The Piper L-4 Grasshopper was a military version of the famous Piper Cub of the 1930s. It was designated in the L category for liaison aircraft. Stinson, Taylorcraft, Aeronca, and Piper were light plane manufacturers that built military versions of their civilian counterparts during World War II, designated L-1s through L-5s. After initial evaluations, the first L-4s were produced in 1941. Different models were manufactured, and by the end of World War II, over 5000 had been built. This particular aircraft is a J model and, along with the H model, were the most numerous produced. They differed from other models mainly in that they had a manual controllable pitch propeller.

The L-4 was used for scouting, mail delivery, and moving personnel behind the lines. With the pilot flying from the front, the observer could sit in the rear facing forwards or backwards. With a table for maps, writing, and radios, he could look rearward out the extended windows and call in his observations. One enterprising Grasshopper pilot even attached several bazookas to the wing struts for use in ground support.

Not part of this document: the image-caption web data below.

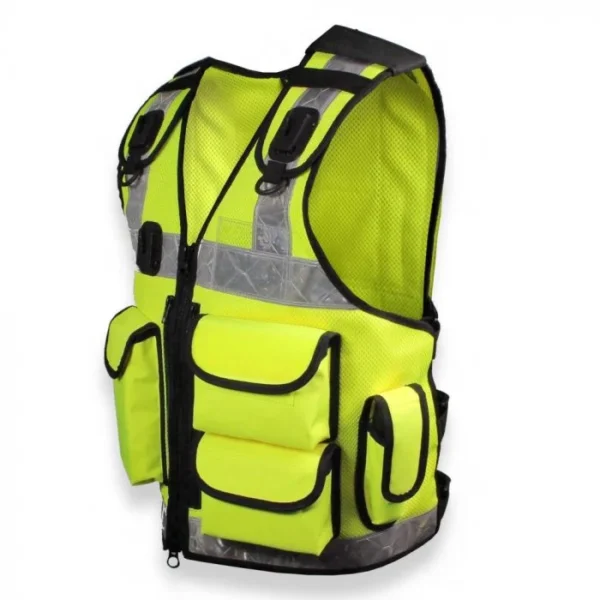 One Size Fits All  Enforcement Load Vest - Image 8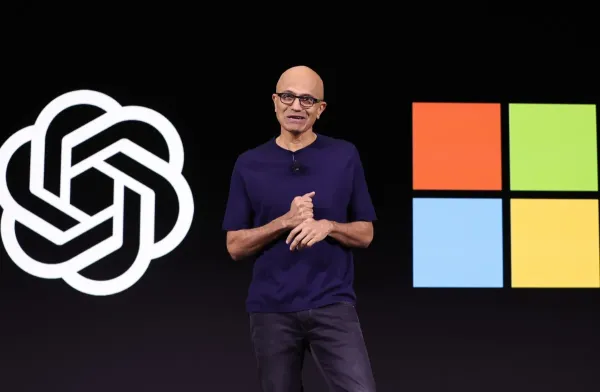Microsoft yöneticisi yapay zeka taramasını “insanlık tarihinin en büyük emek hırsızlığı” olarak nitelendirdi, yeni sansürsüz belgeler ortaya çıkardı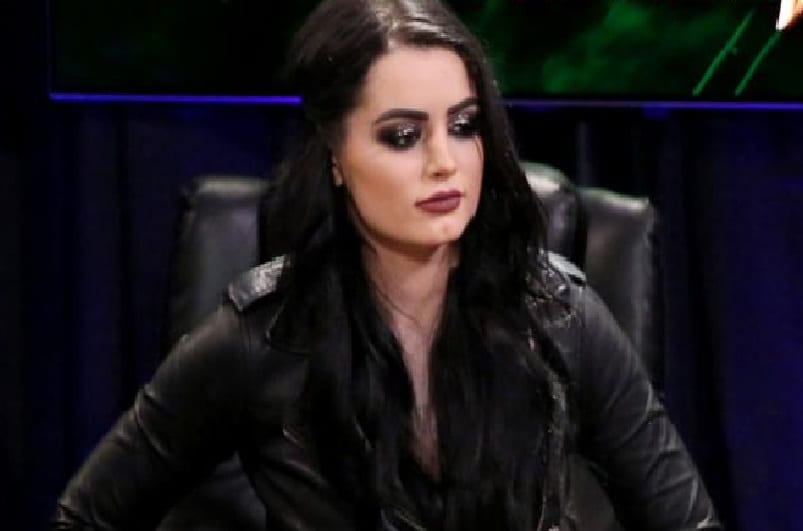 Paige Explains Why She Is So Open About Her Leaked Videos’ & Wellness Test Failure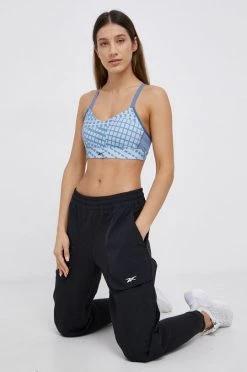 Γυναικεία Αθλητικά σουτιέν Reebok - Αθλητικό σουτιέν μπλε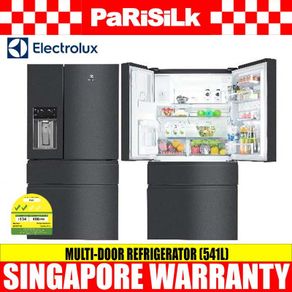 Electrolux EHE6879A-B Multi-Door Refrigerator (541L)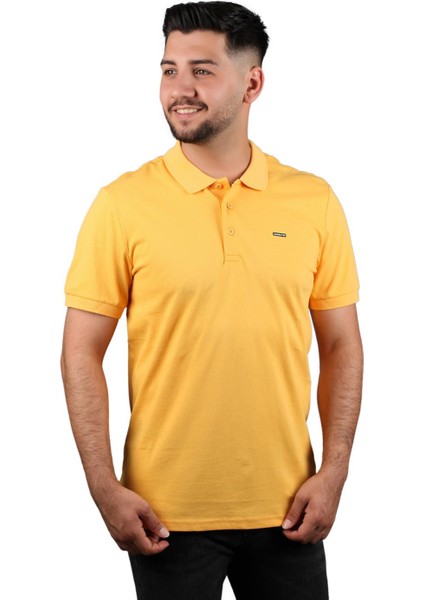 2061 Erkek Polo Yaka T-Shirt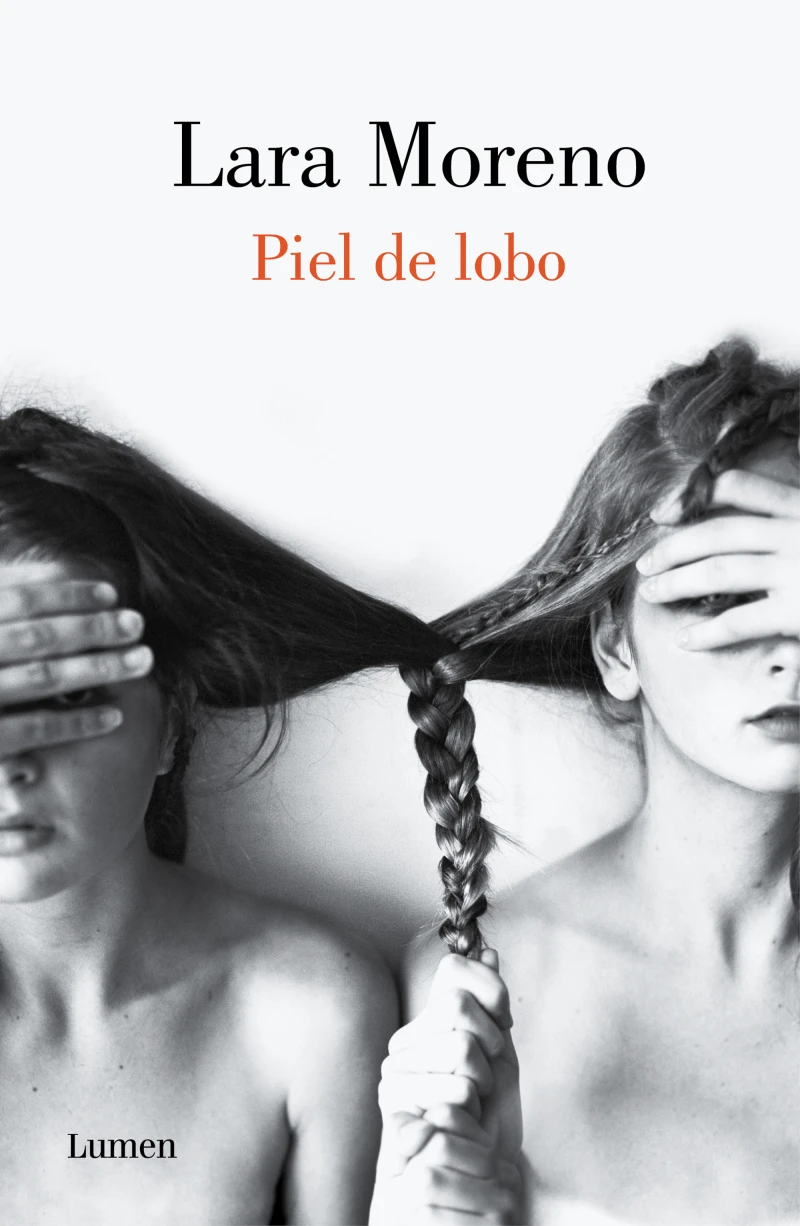Portada: Piel de lobo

In 1943 some L-4s were used with a Brodie cable and harness, enabling the aircraft to “land” after catching a cable slung between several poles, its wheels never touching the ground!

Specifications

  • Year Built — 1945
  • Wingspan — 35’2″
  • Cruise Speed — 80 mph
  • Top Speed — 92 mph
  • Gross Weight — 1,240 lbs
  • Engine — Continental A65 (65 hp)

Kermit’s Comments

When my sister mentioned to me she wanted to learn to fly, I told her that she “had” to learn in a Piper Cub. As I had been collecting World War II aircraft, I modified my statement and found this military L-4 for sale in California, which she purchased. My sister was in college at the time, and we scheduled for her to fly back in her “new” airplane over her one-week fall break. Because of the headwinds, by the time they got to Texas, my sister was out of vacation and had to get back for school. The trip had taken 11 days, and “Miss Leslie” logged 43 hours of flying time!

My sister soon became more interested in cars. I had learned that cars did not have the appeal for me that airplanes did, so I traded her a Jaguar XKE that I had for the L-4. She decided she would much rather have a fast car than a slow airplane!